Ubuntu Manpage: pdsh - issue commands to groups of hosts in parallel

NAME

       pdsh - issue commands to groups of hosts in parallel

SYNOPSIS

       pdsh [options]... command

DESCRIPTION

pdsh is a variant of the rsh(1) command. Unlike rsh(1), which runs commands on a single remote host, pdsh
can run multiple remote commands in parallel. pdsh uses a "sliding window" (or fanout) of threads to
conserve resources on the initiating host while allowing some connections to time out.

When pdsh receives SIGINT (ctrl-C), it lists the status of current threads. A second SIGINT within one
second terminates the program. Pending threads may be canceled by issuing ctrl-Z within one second of
ctrl-C. Pending threads are those that have not yet been initiated, or are still in the process of
connecting to the remote host.

If a remote command is not specified on the command line, pdsh runs interactively, prompting for commands
and executing them when terminated with a carriage return. In interactive mode, target nodes that time
out on the first command are not contacted for subsequent commands, and commands prefixed with an
exclamation point will be executed on the local system.

The core functionality of pdsh may be supplemented by dynamically loadable modules. The modules may
provide a new connection protocol (replacing the standard rcmd(3) protocol used by rsh(1)), filtering
options (e.g. removing hosts that are "down" from the target list), and/or host selection options (e.g.,
-a selects all hosts from a configuration file.). By default, pdsh must have at least one "rcmd" module
loaded. See the RCMD MODULES section for more information.

RCMD MODULES

The method by which pdsh runs commands on remote hosts may be selected at runtime using the -R option
(See OPTIONS below). This functionality is ultimately implemented via dynamically loadable modules, and
so the list of available options may be different from installation to installation. A list of currently
available rcmd modules is printed when using any of the -h, -V, or -L options. The default rcmd module
will also be displayed with the -h and -V options.

A list of rcmd modules currently distributed with pdsh follows.

rsh Uses an internal, thread-safe implementation of BSD rcmd(3) to run commands using the standard
rsh(1) protocol.

exec Executes an arbitrary command for each target host. The first of the pdsh remote arguments is the
local command to execute, followed by any further arguments. Some simple parameters are
substitued on the command line, including %h for the target hostname, %u for the remote username,
and %n for the remote rank [0-n] (To get a literal % use %%). For example, the following would
duplicate using the ssh module to run hostname(1) across the hosts foo[0-10]:

pdsh -R exec -w foo[0-10] ssh -x -l %u %h hostname

and this command line would run grep(1) in parallel across the files console.foo[0-10]:

pdsh -R exec -w foo[0-10] grep BUG console.%h

ssh Uses a variant of popen(3) to run multiple copies of the ssh(1) command.

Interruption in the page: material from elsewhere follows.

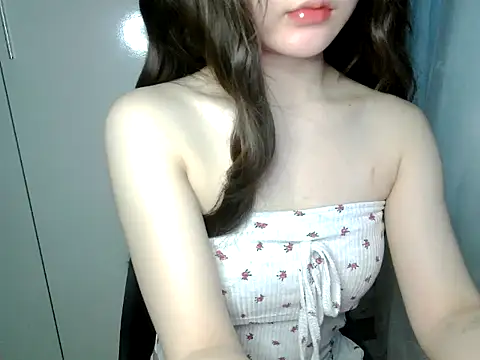 Snapshot of Annabelle-e chatting on July 7, 1:30 am Annabelle-e online show from July 7, 1:30 am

mrsh This module uses the mrsh(1) protocol to execute jobs on remote hosts. The mrsh protocol uses a
credential based authentication, forgoing the need to allocate reserved ports. In other aspects,
it acts just like rsh. Remote nodes must be running mrshd(8) in order for the mrsh module to
work.

krb4 The krb4 module allows users to execute remote commands after authenticating with kerberos. Of
course, the remote rshd daemons must be kerberized.

xcpu The xcpu module uses the xcpu service to execute remote commands.

OPTIONS

       The list of available options is determined at runtime by supplementing the list of standard pdsh options
       with any options provided by loaded rcmd and misc modules.  In some cases, options  provided  by  modules
       may  conflict  with  each other. In these cases, the modules are incompatible and the first module loaded
       wins.

Standard target nodelist options

-w TARGETS,...
Target and or filter the specified list of hosts. Do not use with any other node selection options
(e.g. -a, -g, if they are available). No spaces are allowed in the comma-separated list.
Arguments in the TARGETS list may include normal host names, a range of hosts in hostlist format
(See HOSTLIST EXPRESSIONS), or a single `-' character to read the list of hosts on stdin.

If a host or hostlist is preceded by a `-' character, this causes those hosts to be explicitly
excluded. If the argument is preceded by a single `^' character, it is taken to be the path to
file containing a list of hosts, one per line. If the item begins with a `/' character, it is
taken as a regular expression on which to filter the list of hosts (a regex argument may also be
optionally trailed by another '/', e.g. /node.*/). A regex or file name argument may also be
preceeded by a minus `-' to exclude instead of include thoses hosts.

A list of hosts may also be preceded by "user@" to specify a remote username other than the
default, or "rcmd_type:" to specify an alternate rcmd connection type for these hosts. When used
together, the rcmd type must be specified first, e.g. "ssh:user1@host0" would use ssh to connect
to host0 as user "user1."

-x host,host,...
Exclude the specified hosts. May be specified in conjunction with other target node list options
such as -a and -g (when available). Hostlists may also be specified to the -x option (see the
HOSTLIST EXPRESSIONS section below). Arguments to -x may also be preceeded by the filename (`^')
and regex ('/') characters as described above, in which case the resulting hosts are excluded as
if they had been given to -w and preceeded with the minus `-' character.

Standard pdsh options

-S Return the largest of the remote command return values.

-h Output usage menu and quit. A list of available rcmd modules will also be printed at the end of
the usage message.

-s Only on AIX, separate remote command stderr and stdout into two sockets.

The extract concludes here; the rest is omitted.